Whatever percentage of long-term asset allocation that shifts towards equity crowdfunding, one thing is clear: just like in the investment banking industry, there will be room for several big equity crowdfunding portals as well as dozens of niche players.

That said, market brand names and leaders will certainly enjoy network effects from breakout growth that reinforce their leadership positions.

The winners will be the ones that can execute well on their own strategy, deeply engage an active investor base, and provide quality deals for their community to invest in.

One of the other keys to success in the market will be how to give the needed education to investors and entrepreneurs about how this new market and the investment process works. Investing can be a complex process, and crowdfunding has the power to simplify and help standardize more of the investment process.

A good example of some of this kind of broader education happening for equity crowdfunding was the recent CROWDFUNDxNYC event, a collaboration between Crowdfunder.com and Social Media Week that brought together New York-based investors and the crowd to identify 15 top New York businesses looking for funding.

Top investors and entrepreneurs shared their tips and insights around the risks of equity fundraisingcrowdfunding lawspitch & storytelling and more. This kind of thing is just the tip of the iceberg of what can happen to educate more of the US to help create a safe and healthy regulated equity crowdfunding market.

People who never had the opportunity to invest, and people who never had the investor network to successfully raise funding, will soon be able to participate in this huge new market. Getting in right from the start is important.
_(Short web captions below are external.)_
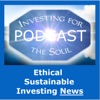 Ethical & Sustainable Investing News to Profit By! artwork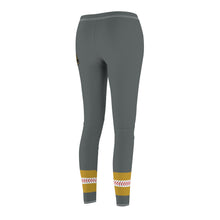 Leggings - SCA (Gray)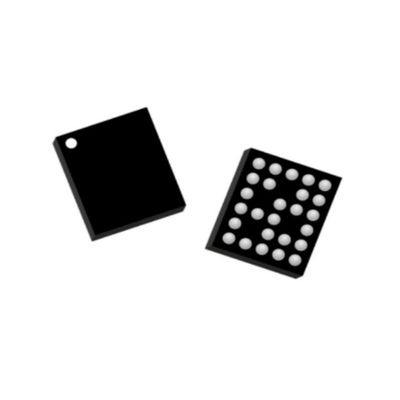 تراشه مدار یکپارچه ACT88329VU106-T 4A PMIC یکپارچه با سوئیچ های عبور بار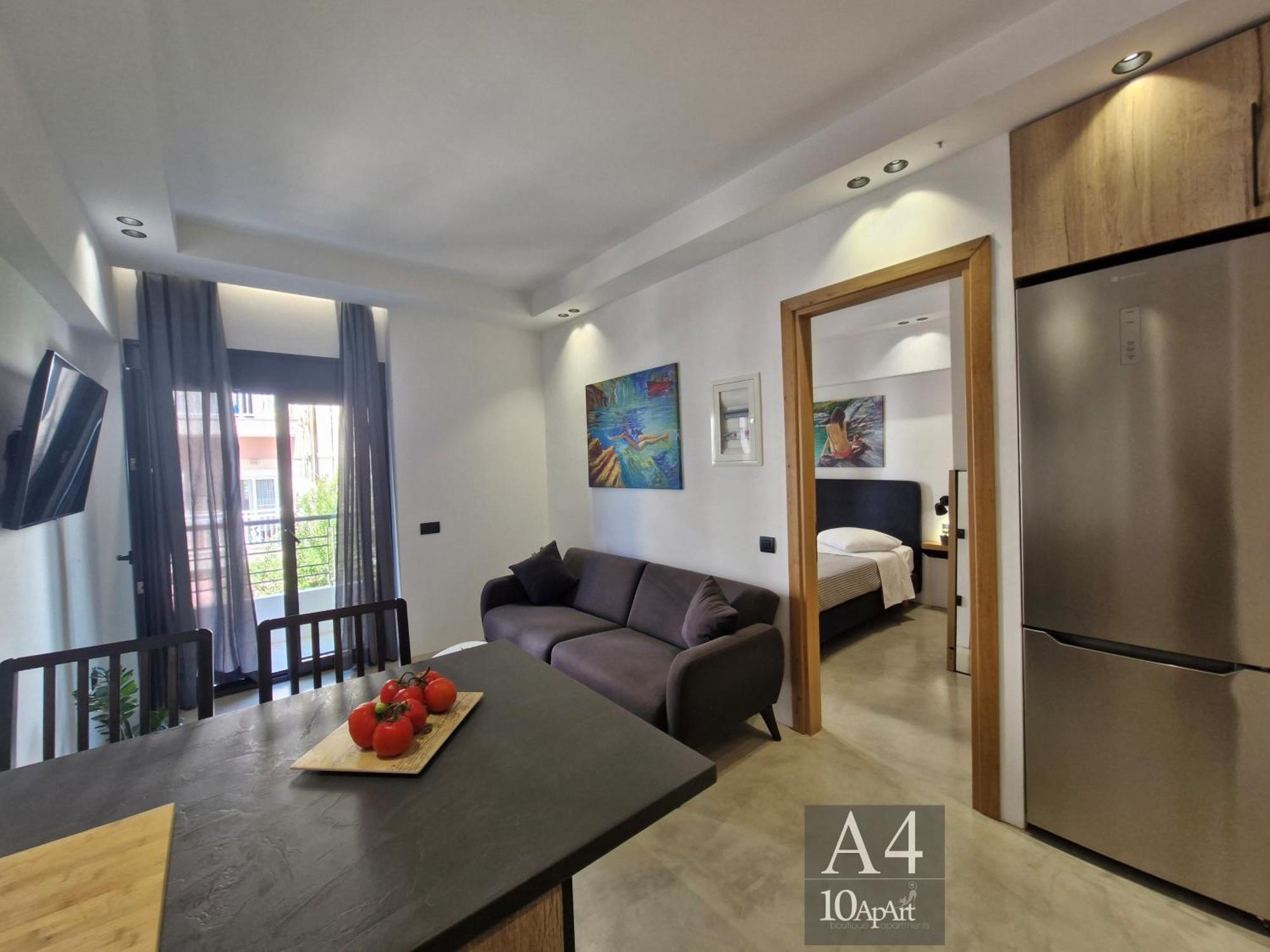 10 Boutique Κως Πόλη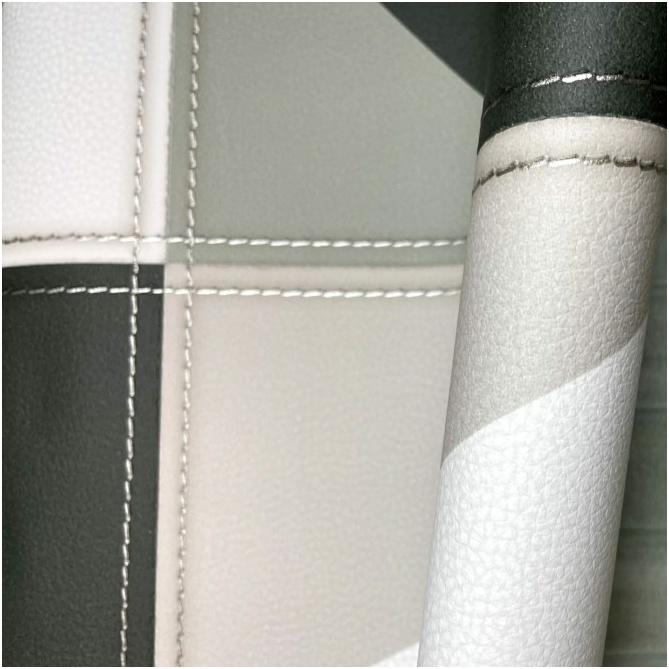 Papel Pintado Cuadros con estampado gráfico - YOMOU 03 | MURAKE - 988523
Investment deals with Accredited Investors are already happening online at sites like CircleUp and Crowdfunder, and the market is about to see a big first public push within the next 60-90 days as a result of the recent Title II passing.

So get engaged and choose how you want to participate by joining an online crowdfunding community. You have the opportunity to play a part in the most significant financial innovation in early stage business in recent history.